### PROBLEM TO SOLVE
Copy the records below exactly as they stand. Leave out the pictures.

[Opening INPUT DATA section]

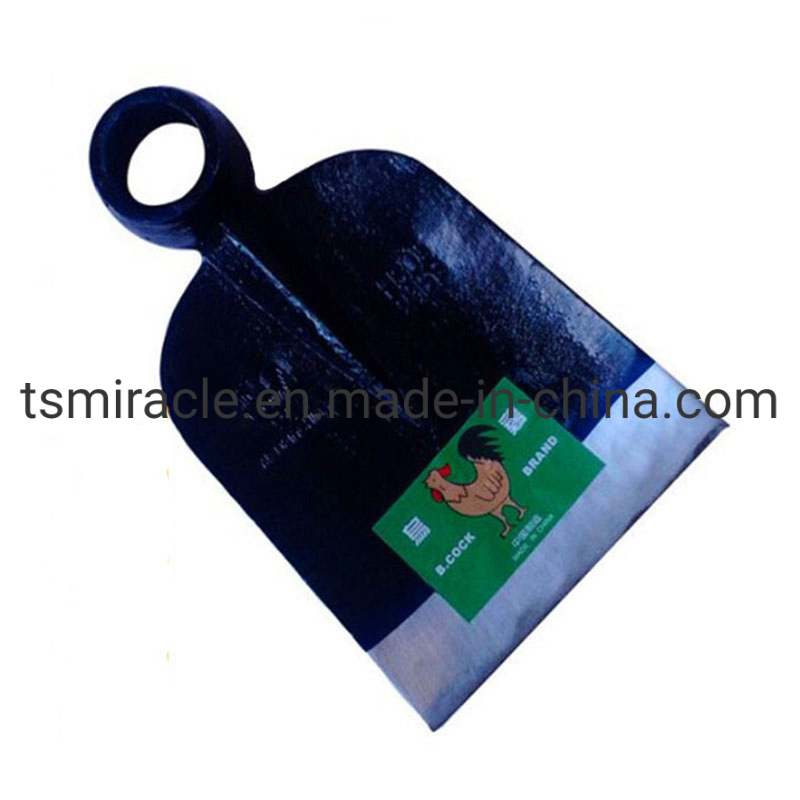 High Quality Rail Steel Forged Hoe Garden Tool H305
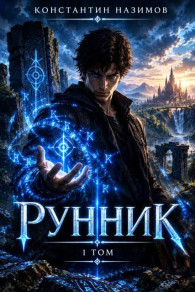Обложка книги Рунник - Константин Геннадьевич Борисов-Назимов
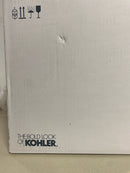 Kohler K-18566-0 Modernlife Bathroom Sink Shroud - White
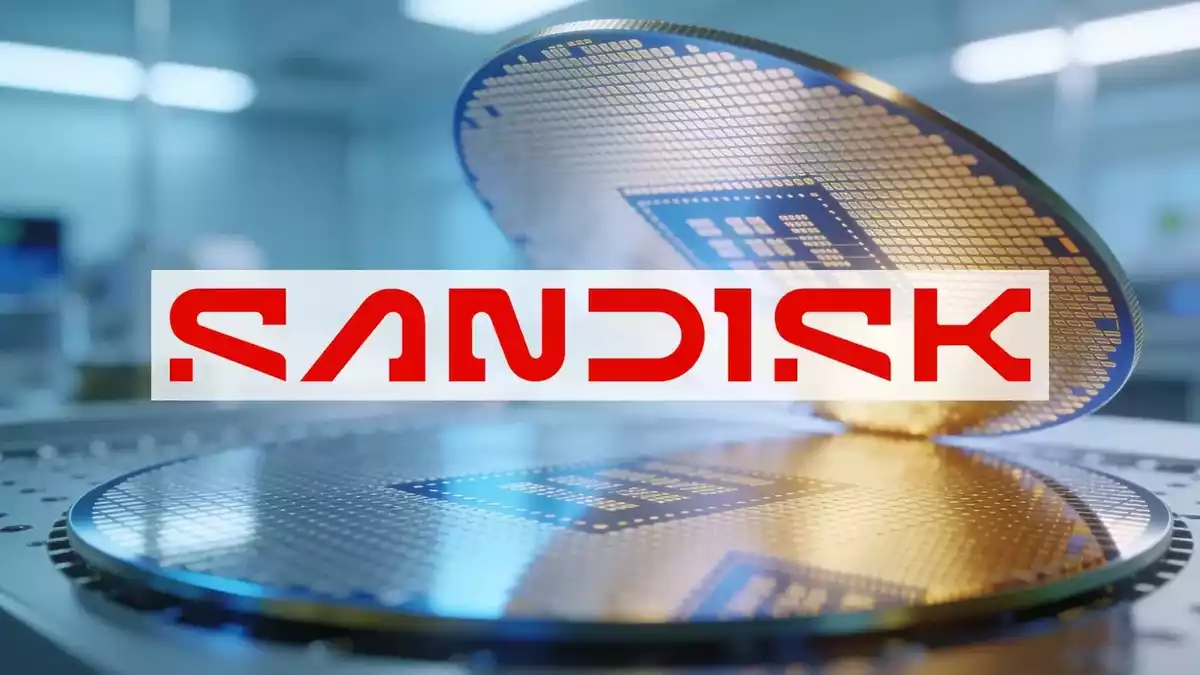 SanDisk Stock Swings 12% in Two Days: AI Memory Demand vs. Market Jitters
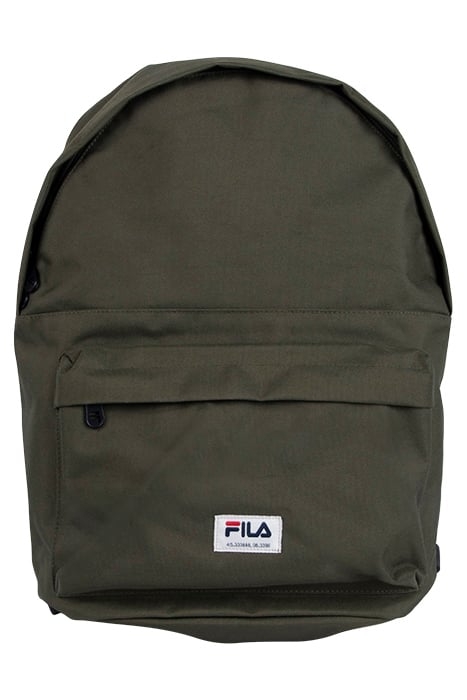 BOMA BADGE BACKPACK S€™COOL TWO OLIVE NIGHT 1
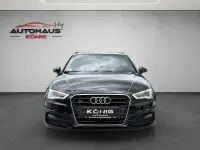 Gebraucht Audi A3 S-line plus 184 PS (135 kW) 2014 Mythosschwarz metallic Limousine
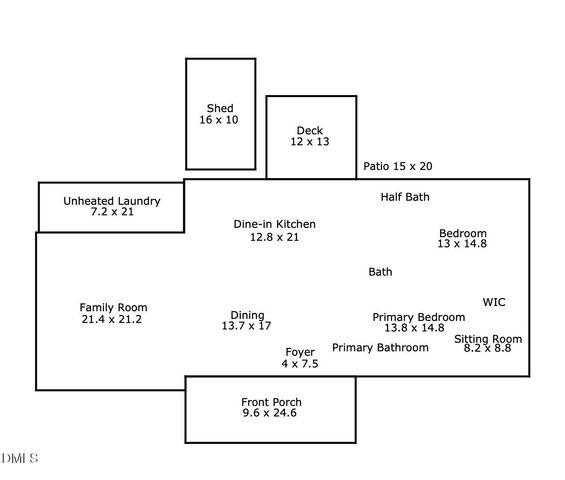 5705 Spring Road, Raleigh, NC 27603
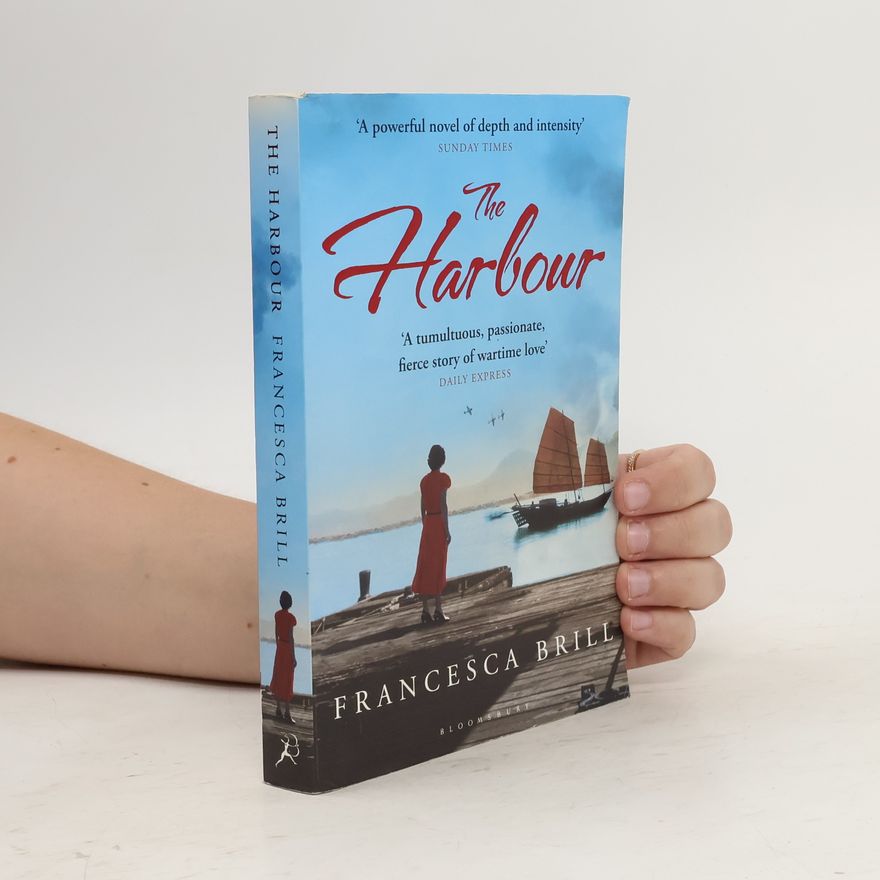 Francesca Brill The Harbour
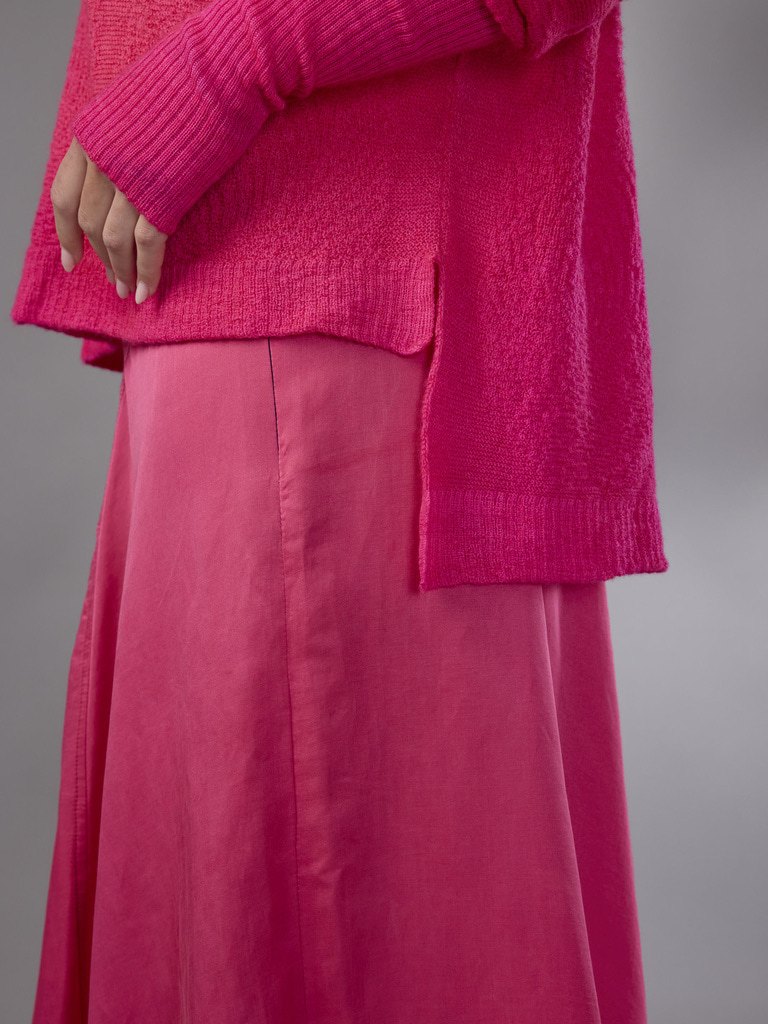 BUZO HUELLA LANA MERINO by ANA LIVNI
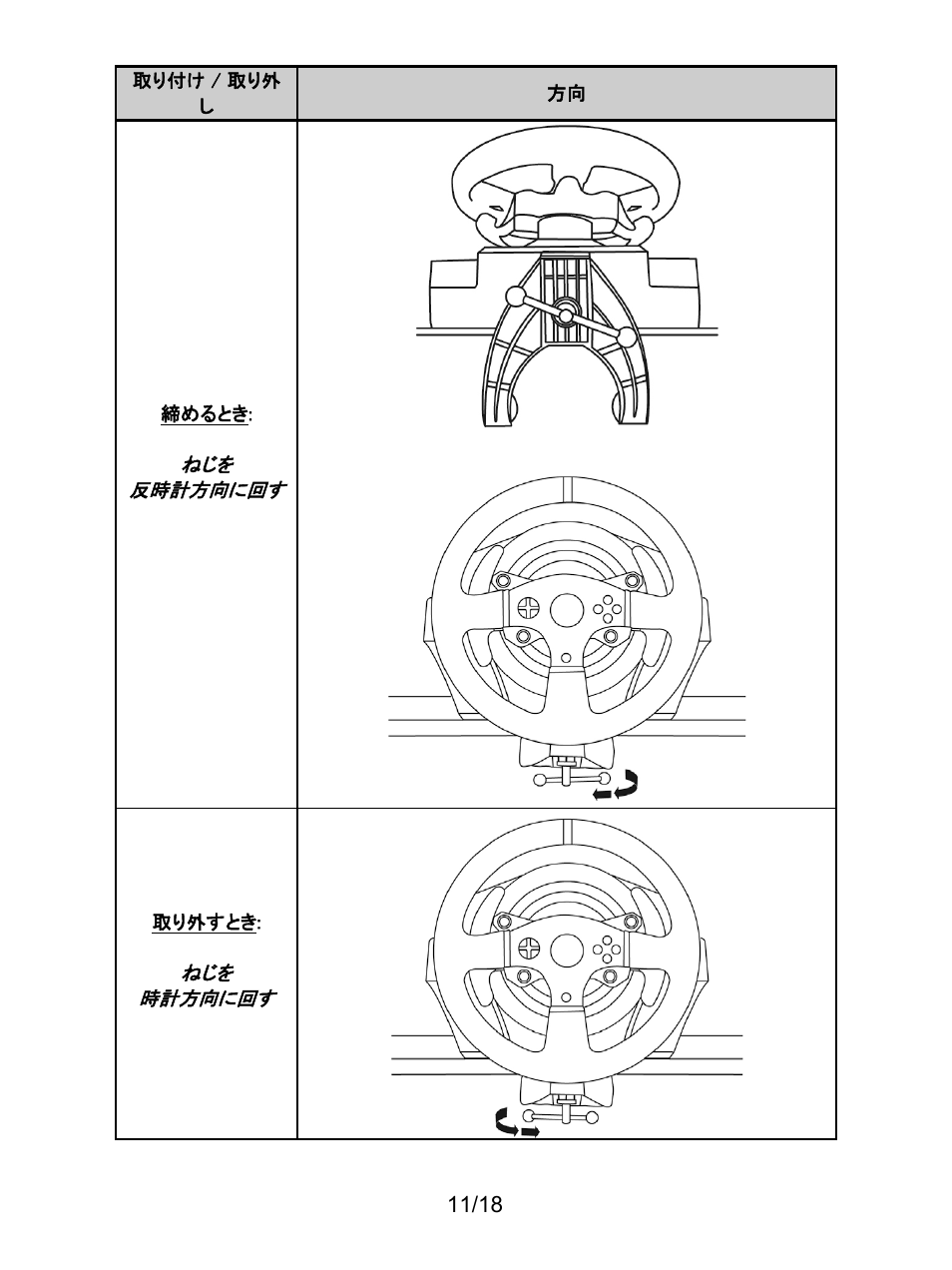 Thrustmaster T300 Ferrari GTE User Manual | Page 300 / 375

[Closing INPUT DATA section]

### TASK RESPONSE
 High Quality Rail Steel Forged Hoe Garden Tool H305
Обложка книги Рунник - Константин Геннадьевич Борисов-Назимов
 Kohler K-18566-0 Modernlife Bathroom Sink Shroud - White
 SanDisk Stock Swings 12% in Two Days: AI Memory Demand vs. Market Jitters
 BOMA BADGE BACKPACK S€™COOL TWO OLIVE NIGHT 1
 Gebraucht Audi A3 S-line plus 184 PS (135 kW) 2014 Mythosschwarz metallic Limousine
 5705 Spring Road, Raleigh, NC 27603
 Francesca Brill The Harbour
 BUZO HUELLA LANA MERINO by ANA LIVNI
 Thrustmaster T300 Ferrari GTE User Manual | Page 300 / 375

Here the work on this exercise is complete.